Jacobs points out that “versions of it are used today in Christian churches all over the world, as far from England as South Africa, Singapore, and New Zealand. That book’s rite of marriage has become for many people, Christian and non-Christian alike, the means by which two people are joined . . ."

(According to Dana Howard, it spread even further afield. In her 1954 book, My Flight to Venus, she claimed that fifteen years earlier she had flown to the Morning Star, and married a Venusian before her return to Earth. The oaths they spoke were identical to those in the Book of Common Prayer.)

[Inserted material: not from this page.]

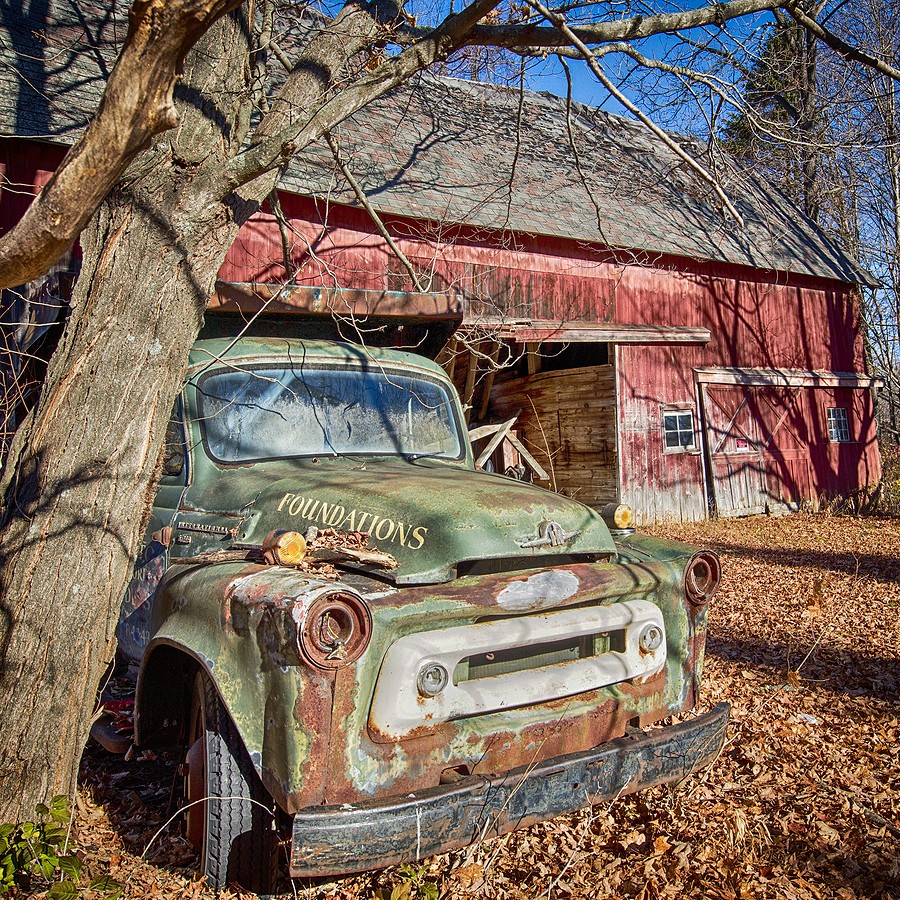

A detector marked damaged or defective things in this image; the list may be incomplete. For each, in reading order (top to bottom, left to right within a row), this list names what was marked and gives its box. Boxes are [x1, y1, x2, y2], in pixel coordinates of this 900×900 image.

Inevitably, though, arguments sprang up again, and even in the nineteenth century some priests were imprisoned for making their services too ‘high’. The Anglo-Catholics wanted to remove items which, they felt, were purely patriotic, such as the Thanksgiving for the defeat of the Gunpowder Plot of 1605, and, in fact, these are not normally now included. I have somewhere read that in one edition this was accompanied by an engraving that showed Doctor John Dee (who had selected a astrologically auspicious date for Queen Elizabeth’s coronation) detecting the plotters in a crystal ball, but without knowing precisely what edition this was, it is impossible to verify.

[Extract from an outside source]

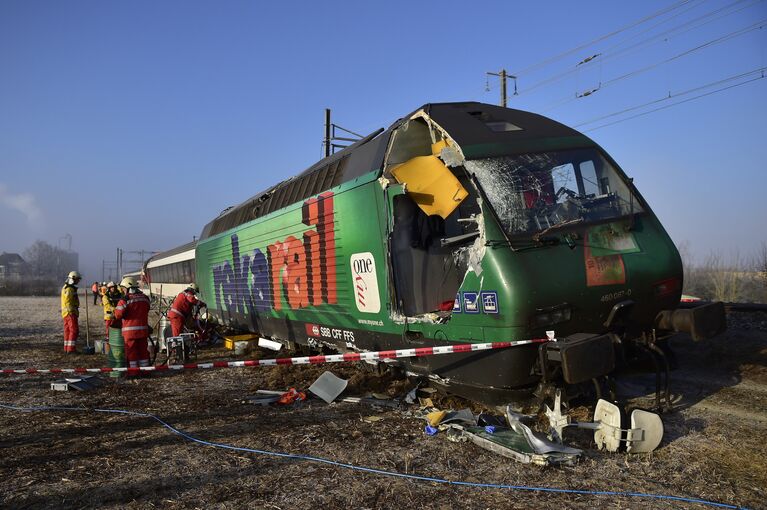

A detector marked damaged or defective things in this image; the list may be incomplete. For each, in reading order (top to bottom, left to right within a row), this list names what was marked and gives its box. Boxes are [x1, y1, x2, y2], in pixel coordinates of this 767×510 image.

broken plastic piece [390, 155, 468, 219]
shattered windshield glass [464, 146, 644, 236]
cracked windshield [464, 146, 644, 236]
broken plastic piece [308, 370, 352, 402]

Others felt that the language was now too archaic, objecting to the ‘thees and thous’, though surely anyone knew what these meant. A more serious problem was where words had changed their meaning, such as the general prayer that magistrates might “indifferently administer justice”, implying that the should not care if their judgements were correct or not. This was eventually amended to ‘impartially’, but the conservatives objected even to this, C. S. Lewis complaining that he knew a country sexton who knew what indifferently meant, but not impartially.

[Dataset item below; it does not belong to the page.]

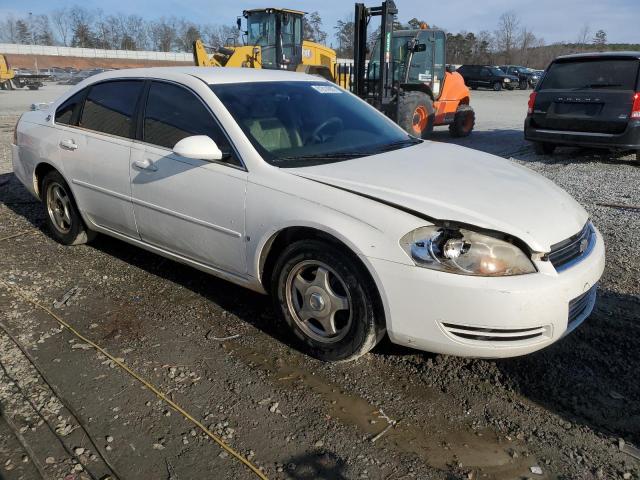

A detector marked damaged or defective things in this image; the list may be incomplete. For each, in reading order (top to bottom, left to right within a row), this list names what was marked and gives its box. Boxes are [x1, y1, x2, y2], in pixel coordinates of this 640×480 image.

broken headlight [400, 226, 536, 276] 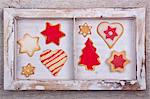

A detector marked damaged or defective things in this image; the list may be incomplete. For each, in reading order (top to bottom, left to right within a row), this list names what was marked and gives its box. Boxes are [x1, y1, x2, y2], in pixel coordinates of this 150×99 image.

chipped white paint [3, 8, 146, 90]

In 1922, the Anglicans of Canada issued a new version, as did the American Episcopalians in 1928. The revisions were mostly minor: the Americans cut from the wedding service the promise of the bride “to obey”. They later introduced what has been termed the ‘Star Wars prayer’: “At your command all things came to be; the vast expanse of interstellar space, galaxies, suns, the planets in their courses, and this fragile earth, our island home.”

Jacobs only briefly mention the introduction of the Alternative Service Book in Britain in the 1970s, which also aroused controversy, though fortunately not violent this time. It was felt to be a monument of insipid English, and provoked a collection of essays entitled Ritual Murder, that is, that the rituals had been murdered The editor, Brian Morris, noted that contemporary advertisements on London tube trains for Ratner’s showed a loving couple with the caption: “With this ring I thee wed”. As he pointed out, the ASB version, “I give you this ring as a sign of our marriage”, would not have sold jewellery.

To sum up briefly, both Larrimore and Jacobs have managed to condense a vast amount of material into handy-sized compendiums.